* TASK DESCRIPTION
Output exactly, in the material below, the lines from the one with "Hanukkah is eight" through the one with "The reaction forms". Omit all pictures.

* DATA EXTRACT
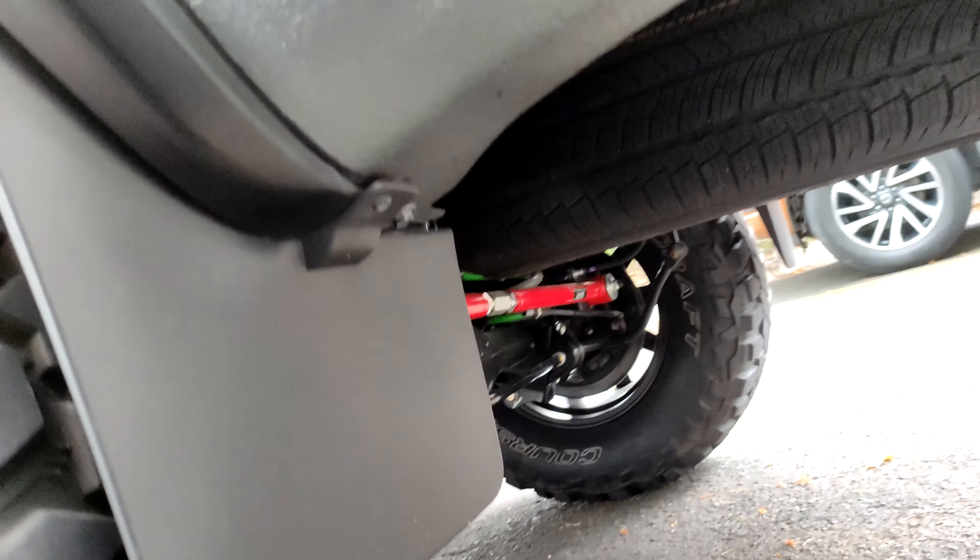The upper control arm of Nissan Navara VL — it has a body lift and a suspension lift. It's adjustable; you can see it right here. It can move — it's adjustable. The upper control arm of Nissan.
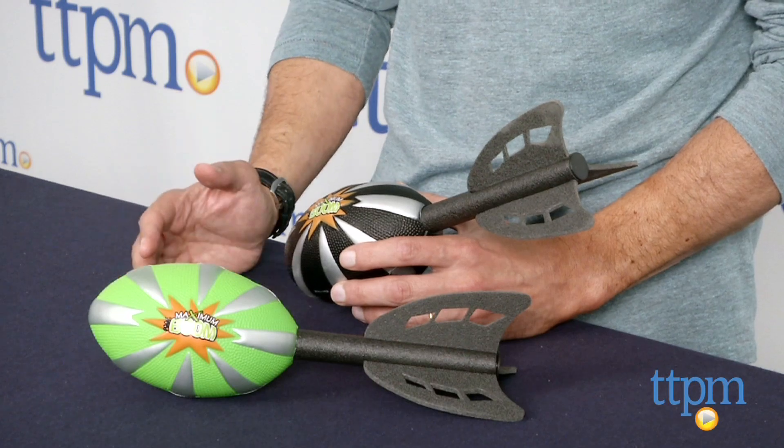This is age grade 3 and up from Poof Slinky Toys. If you're looking for other fun toys or sporting goods for your family, you'll find the best reviews at TTPM. Don't forget to subscribe to our YouTube channel for new reviews every single day. See you next time.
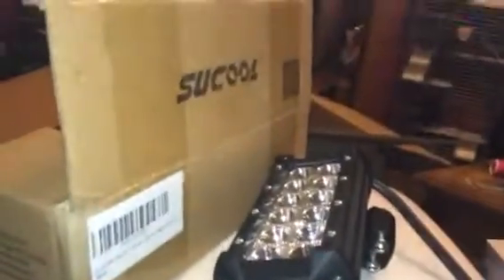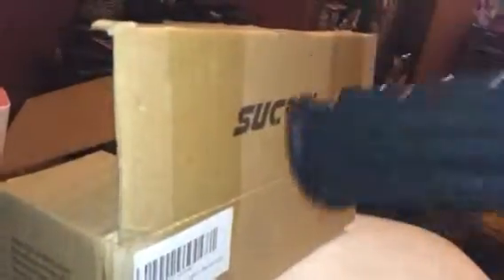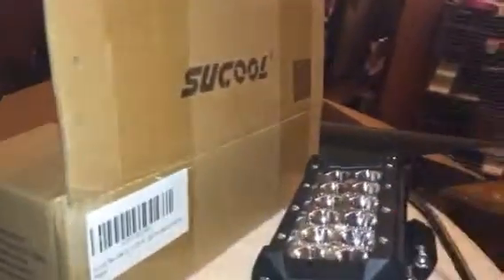Hey everybody, it's Bethany. Today I'm reviewing Supool — a little flood light that you can hook up to your car, truck, SUV, or ATV. You wire it in, but it's super bright.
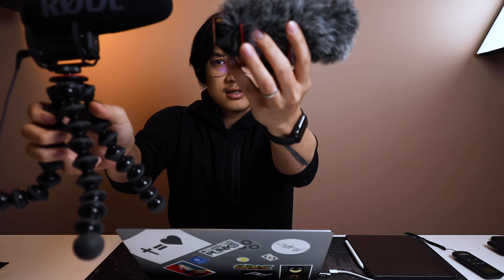Previously I was using this — the Video Mic Go. It's also a shotgun mic and it's almost the same size. The key difference is this one doesn't have a built-in battery, while the Video Mic Pro Plus does. That's one of the major differences between them.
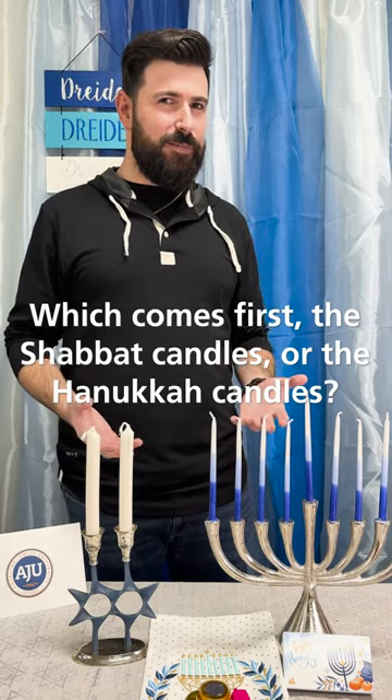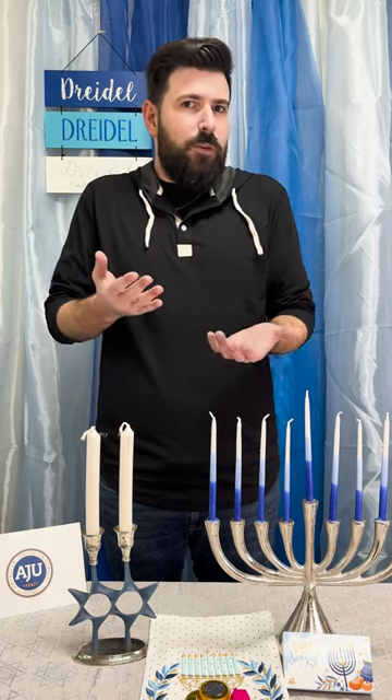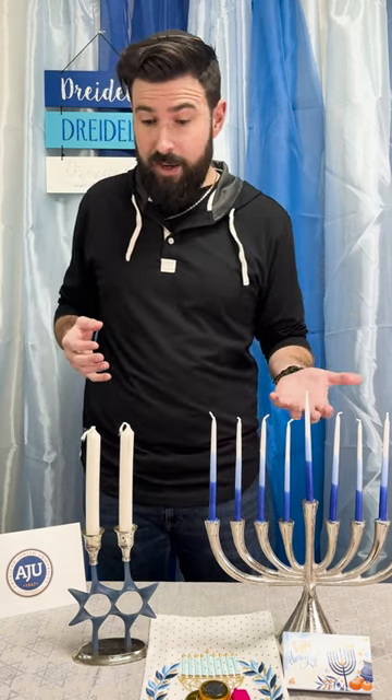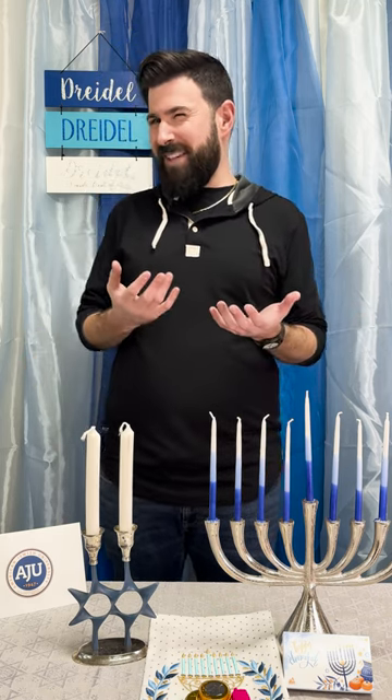Hanukkah is eight days long, which means there will always be a Shabbat. And so one would naturally ask: if I'm going to light my Hanukkah candles and my Shabbat candles, how do I do that? What's the order? What makes sense?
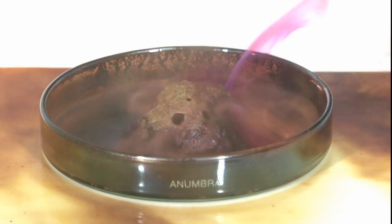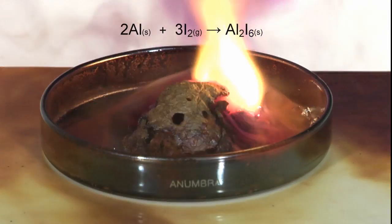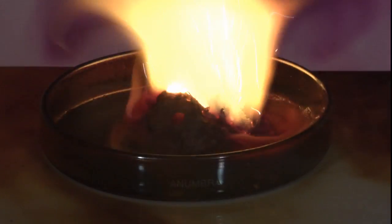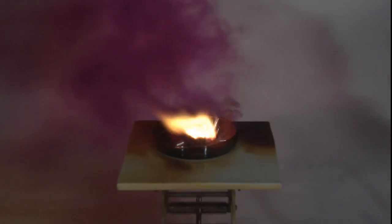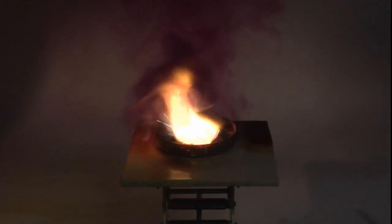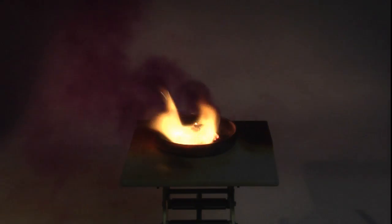The reaction forms hydrogen iodide in addition to the product aluminium iodide, and the high temperature causes iodine to sublime, producing the purple fumes. If the cooled product is added to water, an acidic solution is formed.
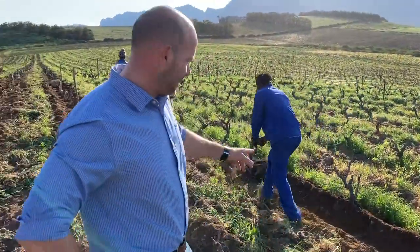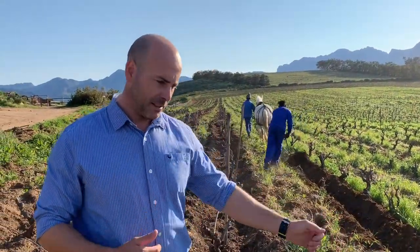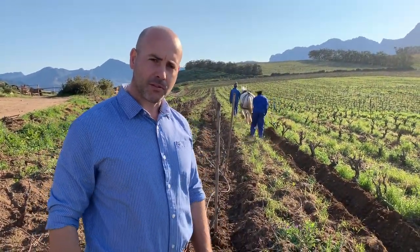So Louis is here pulling an SP8 plow. This plow throws the soil towards the vine, and this is typically what we do in winter after we've sown a cover crop.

* SOLUTION FOR THIS PROBLEM
Hanukkah is eight days long, which means there will always be a Shabbat. And so one would naturally ask: if I'm going to light my Hanukkah candles and my Shabbat candles, how do I do that? What's the order? What makes sense?
The reaction forms hydrogen iodide in addition to the product aluminium iodide, and the high temperature causes iodine to sublime, producing the purple fumes. If the cooled product is added to water, an acidic solution is formed.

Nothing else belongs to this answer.